THE FORTY—THIRD DAY;THE LAST TIME I was in a car with Theo, comes just short of a year ago. It feels strange. Sitting beside him, as if nothing happened. However it feels somewhat natural.
I should feel nervy. I should feel my bruised heart leap out of my chest, and a cold sweat pour over my body. But I think it's the fact he sits beside me in my car, and not his, that settles my stomach.
"I have a plan," he mutters, looking through my glove compartment and pulling out various albums. "I told you there was a reason as to why I needed to meet up with you, and it's because I have a master plan."
Theo always has loved a plan. As I look a him; chiselled jaw, boyishly dirty blond hair, and a wide grin that doesn't falter, I realise that he hasn't changed as he proclaims, and if he has, I have yet to see it.
"You remember this groupchat that Kathleen mentioned?" I nod, watching as he picks out an old album, and flicks it over to gaze at the songs. "Huh, our song is on here."
"Theo," I snap, grinding my teeth together and trying not to reminisce about our song. I skip it every time it comes on the CD. I turn off the radio if ever it comes on. "Why did want to meet me?"
His eyes flicker to mine, and he licks his mouth before closing the glove compartment. "I think she was lying about it, she clammed up when we asked her if there was anything else in this groupchat."
Wrinkling my nose, I nod my head and lean against my door, my hair hanging out the window and blowing in the wind. "So what are you going to do?"
Smirking, he crosses his arms over his chest and leans against his own car door. The hand break and gearstick separating us with a good amount of space that I can cope with.
"That's for me to know, and for you to find out."
I scowl and cross my arms petulantly over my chest, frustration lacing my blood as I give him a wry look. "If you put it to me like that, I have very little faith you won't do something stupid or reckless."
"It's probably both of those things," he shrugs, brushing at the bottom of his shirt and avoiding eye contact with me. "But if it's going to help me find it why Nero's being dickish— I mean, out of character, it'll be worth it."
Gritting my teeth, I shake my head and try not to look into those baby blue eyes of his. The ones so clear that I can see my past, present and future in them. The ones that cause my heart to ache.

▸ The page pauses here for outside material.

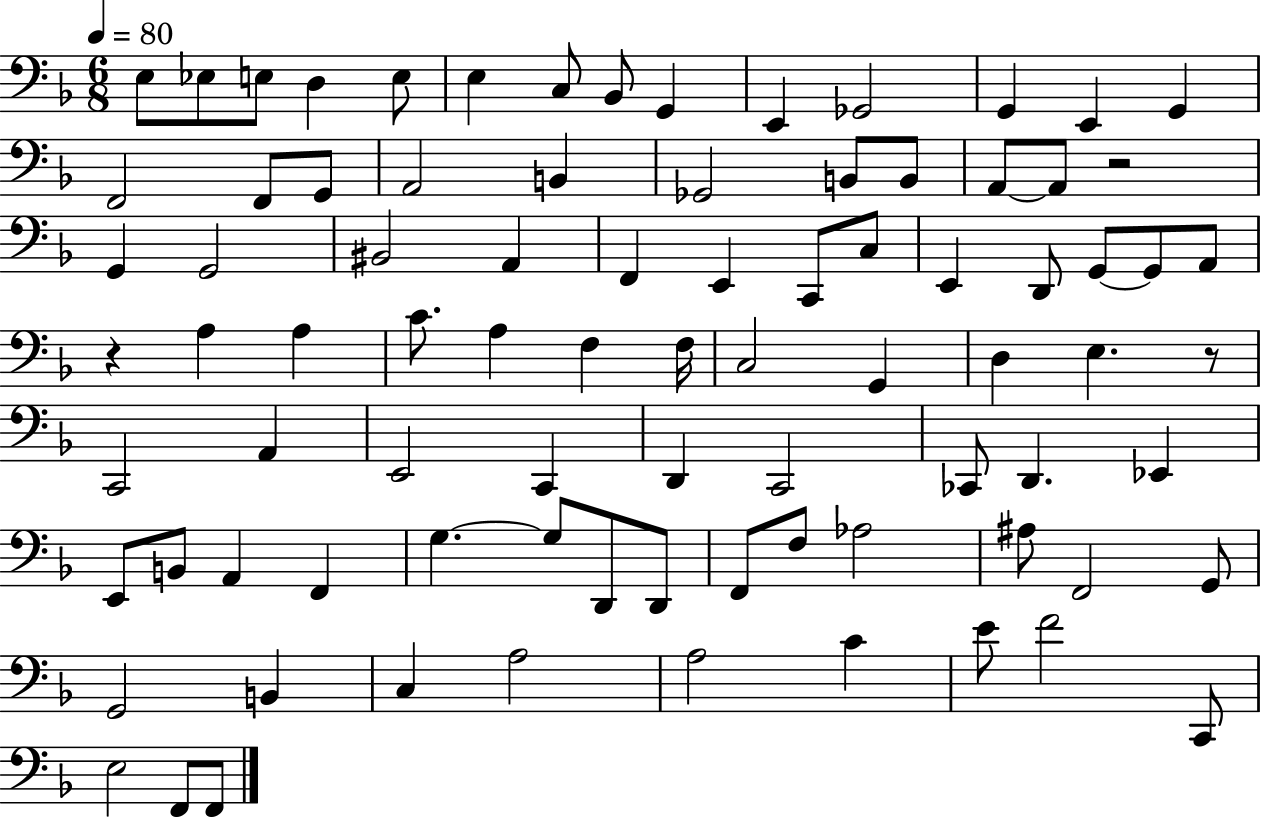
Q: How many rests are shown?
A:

Whispering I say, "don't... act like you're doing this for me."
His eyes soften, before he leans over the gearstick and placed his hand on the edge of my seat; and even though he isn't touching me, I can still feel him. His warm, soft touch never left me.
My bottom lip wobbles.
"But I am doing this for you," he whispers back, with a knitted brow and a crestfallen face. "Fawn, everything I do, is for you. Coming back. Leaving in the first place. Every. Damn. Thing, is for you."
"I never asked for that," muttering the words back, I watch as Theo's face hardens at the words that leave my mouth.
"I know you didn't," he solemnly nods, his lips thinned out and his hand removed from the seat. He's everywhere in this car. His scent in the air. His hands on my seat. His loose hair sticking to the headrest.
Theo is, and always has been, inescapable.
"You didn't ask for this, but you're still getting this," he leans back with his head out of the window, the window making it loose and shaggy almost. With closed eyes he finishes. "But when you love someone, you look after them Fawn."
I don't say anything, because I know he's right. When you love someone, that's what you do... you care and watch out for them, and that's all Theo has ever done for me.
I can't say the same for Nero.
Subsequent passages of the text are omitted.